Venugopal Dhoot, who founded first home-grown consumer durables company, Videocon, lost his assets because of diversification into telecom services and oil exploration. Videocon is yet to find a new owner in bankruptcy court.
Anil Ambani unsuccessfully diversified into ship building, defence, cement and financial services. The Ruias of Essar group lost steel and oil refining businesses. When Essar Steel became bankrupt, Essar Oil sold its Indian assets to Rosneft.
Risk Vs Return
Some failed, others succeeded. Ajay Piramal, who became chairman of Piramal Enterprises after his brother’s death in 1984, diversified into pharma by acquiring assets and adding products in 1990s and 2000s. When it became India’s fifth-largest drug maker by sales, Piramal Healthcare Ltd. sold its domestic formulations division, the most valuable part of the business, to Abbott Laboratories for ₹17,484 crore. He bought 11% stake in Vodafone Idea for ₹5,864 crore in FY12. He exited in 2014 at ₹8,900 crore.
Gautam Singhania of Raymond Group, who diversified into FMCG, engineering and real estate, recently sold his consumer business — deodorant and sexual wellness portfolio along with Park Avenue and Kamasutra trademarks — to Godrej Consumer Products for ₹2,825 crore. “We sold the FMCG business as we got great value,” he says. This helped Raymond Ltd. become a net zero debt company.
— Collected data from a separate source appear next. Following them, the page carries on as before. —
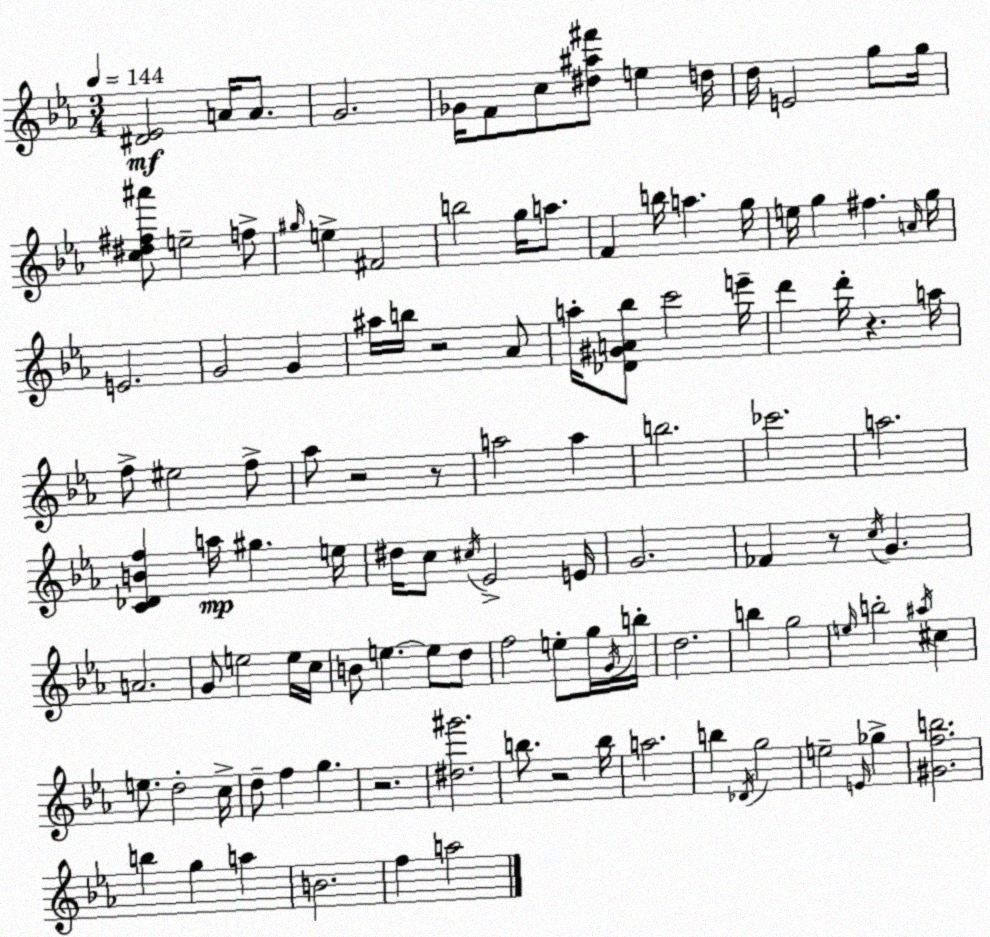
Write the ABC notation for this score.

X:1
T:Untitled
M:3/4
L:1/4
K:Eb
[^D_E]2 A/4 A/2 G2 _G/4 F/2 c/2 [^d^a^f']/2 e d/4 d/4 E2 g/2 g/4 [c^d^f^a']/2 e2 f/2 ^g/4 e ^F2 b2 g/4 a/2 F b/4 a g/4 e/4 g ^f A/4 g/4 E2 G2 G ^a/4 b/4 z2 _A/2 a/4 [_D^GA_b]/2 c'2 e'/4 d' d'/4 z a/4 f/2 ^e2 f/2 _a/2 z2 z/2 a2 a b2 _c'2 a2 [C_DBf] a/4 ^g e/4 ^d/4 c/2 ^c/4 _E2 E/4 G2 _F z/2 c/4 G A2 G/2 e2 e/4 c/4 B/2 e e/2 d/2 f2 e/2 g/4 G/4 b/4 d2 b g2 e/4 b2 ^a/4 ^c e/2 d2 c/4 d/2 f g z2 [^d^g']2 b/2 z2 b/4 a2 b _D/4 g2 e2 E/4 _g [^Gfb]2 b g a B2 f a2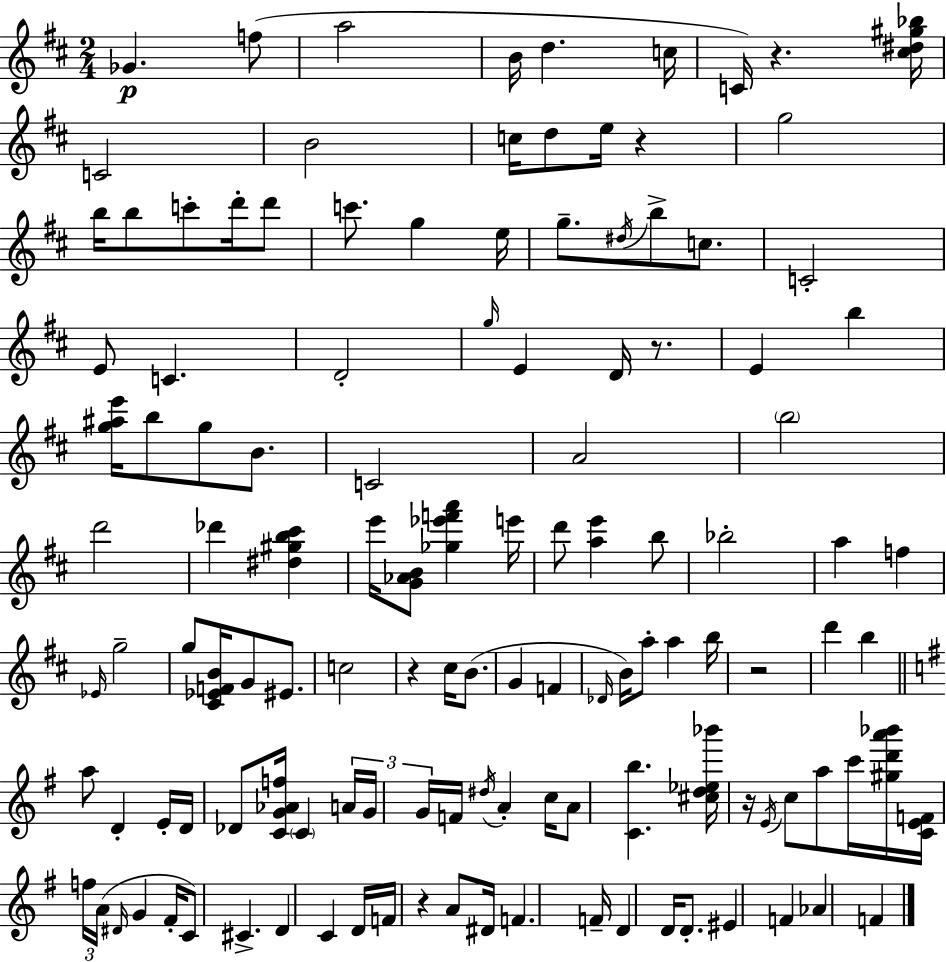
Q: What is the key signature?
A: D major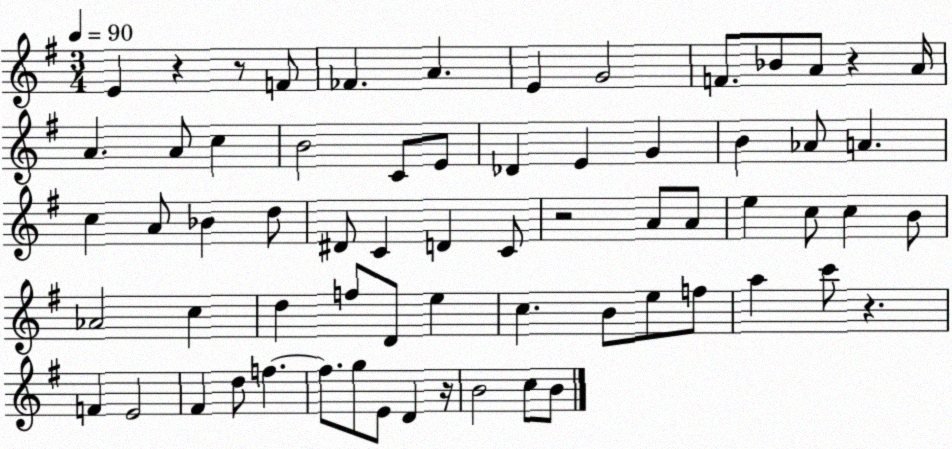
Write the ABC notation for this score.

X:1
T:Untitled
M:3/4
L:1/4
K:G
E z z/2 F/2 _F A E G2 F/2 _B/2 A/2 z A/4 A A/2 c B2 C/2 E/2 _D E G B _A/2 A c A/2 _B d/2 ^D/2 C D C/2 z2 A/2 A/2 e c/2 c B/2 _A2 c d f/2 D/2 e c B/2 e/2 f/2 a c'/2 z F E2 ^F d/2 f f/2 g/2 E/2 D z/4 B2 c/2 B/2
Indian conglomerates were focused on improving efficiency over last decade when economic headwinds toppled many businesses. In the course of becoming more efficient, most built the full value chain and stepped out to master the concept of circular economy. But nature of the business is changing from basic mass manufacturing/services to specialised products and technologies. This has opened new opportunities.
In addition, India’s economy is expected to grow around 7% in coming years, which will enhance purchasing power of individuals. “Groups like Binani, Singhals, Jaypee and Essar shrunk. Reduction in number of conglomerates also gives big ones space to take calculated risks,” says a former CEO of an infrastructure giant.
In one such situation, Pirojsha Godrej, chairman, Godrej Capital, successfully identified the scope of the real estate business. He started the financial services business with home loan services to buyers of Godrej Properties Ltd.‘s apartments in select geographies in 2020. “Having seen strong customer acceptance of our offering, we are very optimistic about prospects of our financial services venture and will be entering new markets,” he said that time.
Finding right opportunities is fine. But in some situations, many conglomerates land up in the same business and compete with each other. For instance, Tata, Ambani and Adani will face-off in the renewable energy space. Mahindra is also enhancing its solar panels business. Adani is stepping into hydrocarbon and petrochemicals, a forte of RIL. It has formed a JV with Welspun for oil exploration and production. While Jio-BP ramps up the fuel station business, Adani is becoming aggressive in CNG stations. Birla and JSW will fight it out in the paint sector along with Asian Paints. Many of them are looking to become India’s ‘Tesla’ and spending heavily in electric cars business. The rampant diversification of conglomerates can also escalate as the big-money race.